● What you have to do
Transcribe the data that follows without changing a word, and omit the pictures.

● Available data

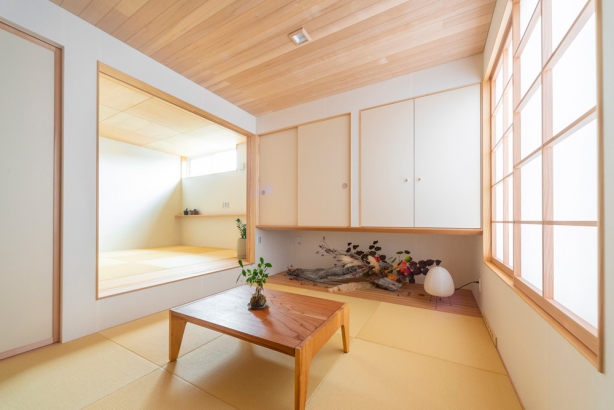 和室からは障子戸を開けると一段高い寝室につながります。 木の香㈱前川建築の施工事例 床にこだわった家
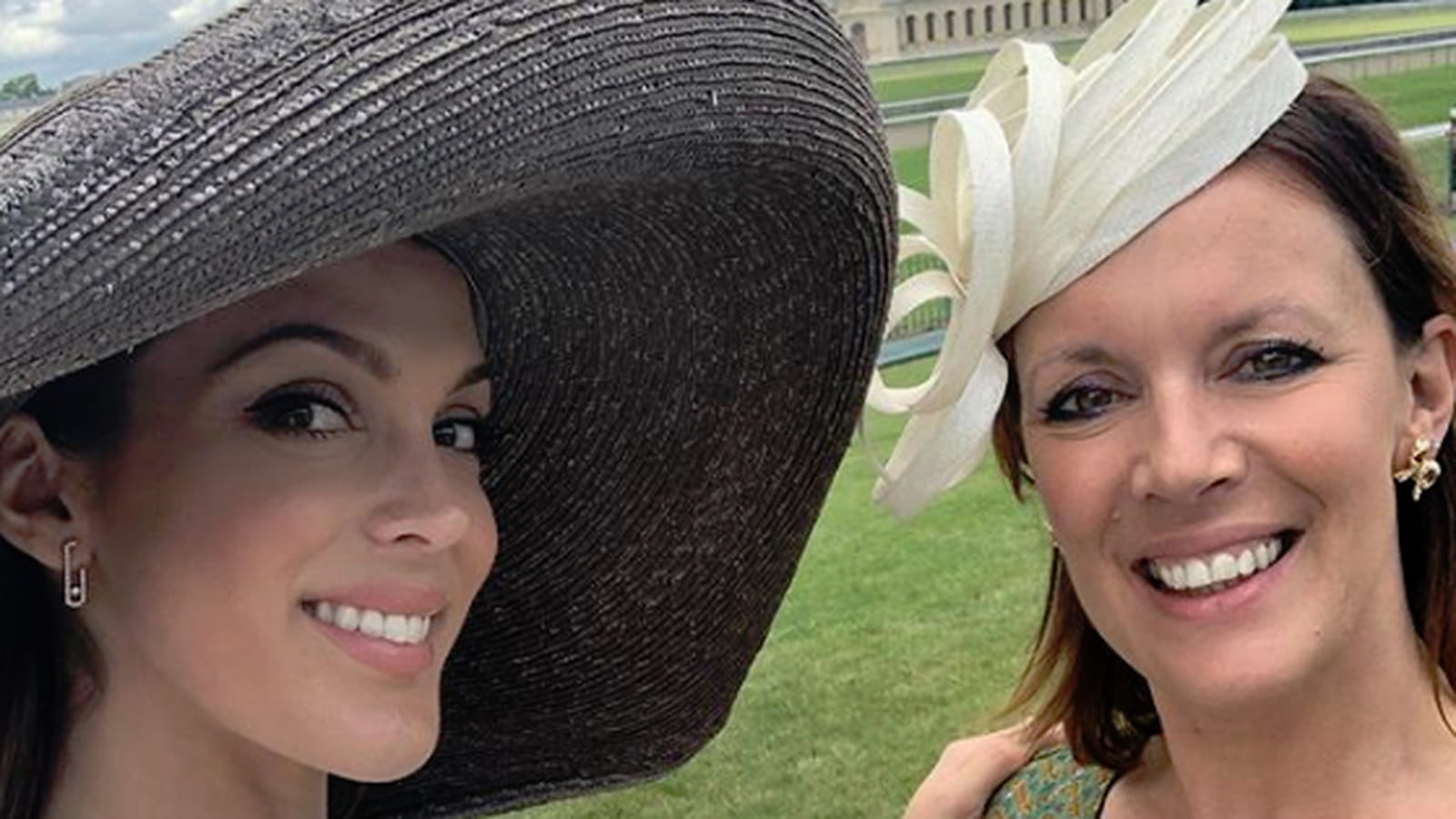 Iris Mittenaere, Laurence Druart 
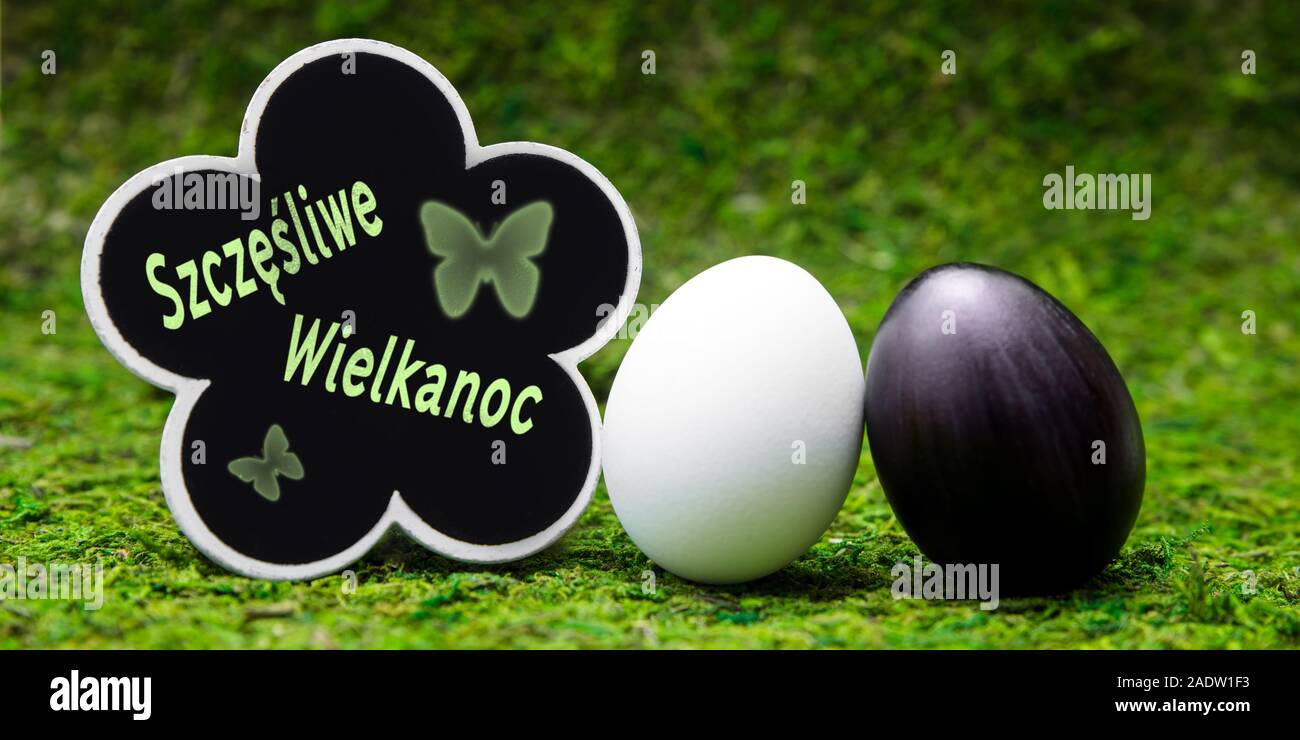 Oeuf de Pâques en noir et blanc, ardoise en forme de fleur avec texte szcesliwe wielkanoc polonais, ce qui signifie Joyeuses Pâques Banque D'Images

● Response
 和室からは障子戸を開けると一段高い寝室につながります。 木の香㈱前川建築の施工事例 床にこだわった家
 Iris Mittenaere, Laurence Druart 
 Oeuf de Pâques en noir et blanc, ardoise en forme de fleur avec texte szcesliwe wielkanoc polonais, ce qui signifie Joyeuses Pâques Banque D'Images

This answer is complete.